In 2017, Joel Clement - an environmental scientist and policy expert - resigned his post as a senior Department of the Interior official over the suppression of facts about implications of climate change on human populations. He cited the department’s “poor leadership, waste, and failures on climate change.”

+ BIO: H. Curtis Spalding

Previously the Regional Administrator of EPA Region 1 New England and the former Executive Director of Save the Bay, H. Curtis “Curt” Spalding has extensive experience in the environmental protection field as an advocate, policy analyst and administrator. He currently works at Brown University as a Professor of the Practice of Environment and Society.

+ BIO: Andrew Rosenberg

Andrew A. Rosenberg is director of the Center for Science and Democracy at the Union of Concerned Scientists. He has more than 25 years of experience in government service and academic and non-profit leadership. He is the author of scores of peer-reviewed studies and reports on fisheries and ocean management and has published on the intersection between science and policy making.

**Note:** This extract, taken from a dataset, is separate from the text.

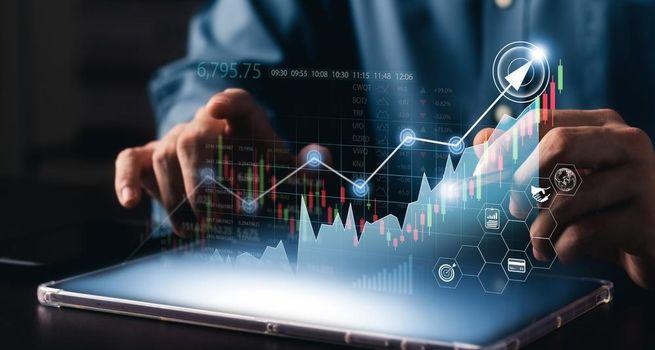 easyJet (LSE:EZJ) Holds Guidance As Summer Demand Builds-Citi Upgrades To Buy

+ BIO: Timothy C. Weiskel, DPhil

Weiskel has published several books and articles including Environmental Decline and Public Policy: Pattern, Trend and Prospect (Pierian Press, 1992), which is based upon his 1988 testimony presented to the United States Senate in support of legislation to limit carbon emissions. His current research concentrates upon belief systems within cultures and how core cultural beliefs can either facilitate change or block change over time. In 2001, he co-founded The Climate Talks Project along with Professor William Moomaw of the Fletcher School at Tufts University. This group has convened scholars, business leaders, nongovernmental organization activists, journalists, and concerned citizens to discuss effective means of mobilizing civil society to respond to the evolving global climate crisis. Currently he is the Research Director at the Cambridge Climate Research Associates.